Comment by stego-tech
15 hours ago
There's multiple simultaneous narratives: the industry-wide one of slashing well-paid tech talent under the guise of AI productivity boosts, and what's actually going in at each company.
Cloudflare is an outlier because the company doesn't actually make money at present; their past three annual statements show net losses in the tens to hundreds of millions of dollars. Not hemorrhaging cash per se (their cash reserves alone could cover ~9 more years of losses), but still enough to warrant some cutbacks - and AI is the current scapegoat, thus they finger AI and throw folks out the door.
Coinbase's story is different: they're making good money, but their industry is inherently volatile. Again, recent volatility in the crypto markets related to...things...is dragging down long-term prospects for currencies, while ongoing trades are broadly just insiders doing insider things or exiting their positions for liquidity. Still, their share price is down 27% over 5 years and 18% YTD, so they also need to pump their share price so the executives get paid; layoffs are consistently rewarded by the shareholders, thus they axe part of their workforce for the bump and fingerpoint to AI.

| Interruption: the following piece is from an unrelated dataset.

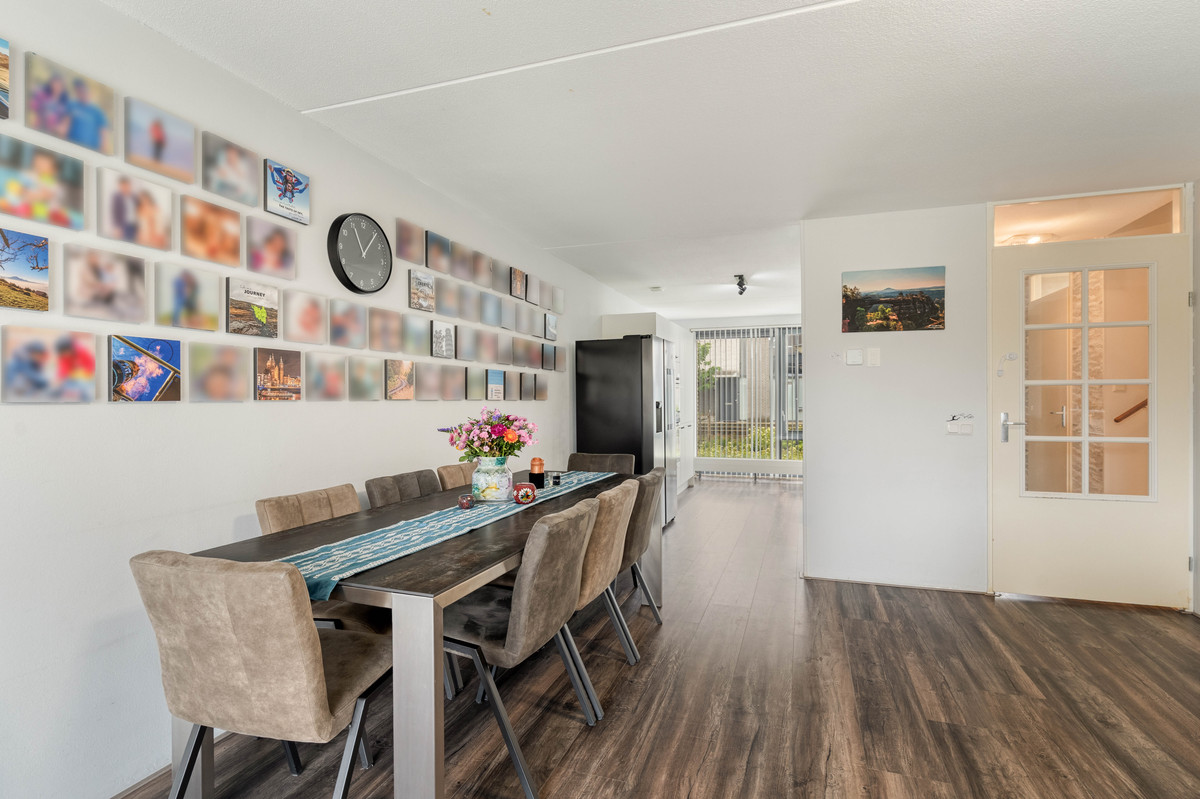 Tussenwoning te koop: Azorenweg 87, Almere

Never take what a company says at face value, and always check their balance sheets. What Cloudflare did sucks but could be warranted to some degree; what Coinbase did has no justification whatsoever beyond naked greed.
> Cloudflare is an outlier because the company doesn't actually make money at present; their past three annual statements show net losses in the tens to hundreds of millions of dollars.
Their free cashflow is high; they're choosing not to report a profit. I don't think it's useful/accurate to say they don't make money.
Don't get me wrong, they may be doing a layoff to boost margins or enter GAAP profitability but the company revenue exceeds its operating cost by quite a bit.
See in their latest quarterly report: https://cloudflare.net/news/news-details/2026/Cloudflare-Ann...
> First quarter revenue totaled $639.8 million, representing an increase of 34% year-over-year
So they're growing 34% annually.
> Free cash flow was $84.1 million, or 13% of revenue, compared to $52.9 million, or 11% of revenue, in the first quarter of 2025. Cash, cash equivalents, and available-for-sale securities were $4,163.9 million as of March 31, 2026.
...and they have $84 million free cash flow in one quarter, and it's consistently pretty good cashflow.
And they have $4b of cash or cash equivalents stockpiled. It seems pretty healthy to me.
Its quite filthy but it benefits them all to lay off lots of people to reset the wage rate in the market... Im sure we will see a wave of re-hiring when this stuff starts to blow over but many initially will be at a much lower wage rate.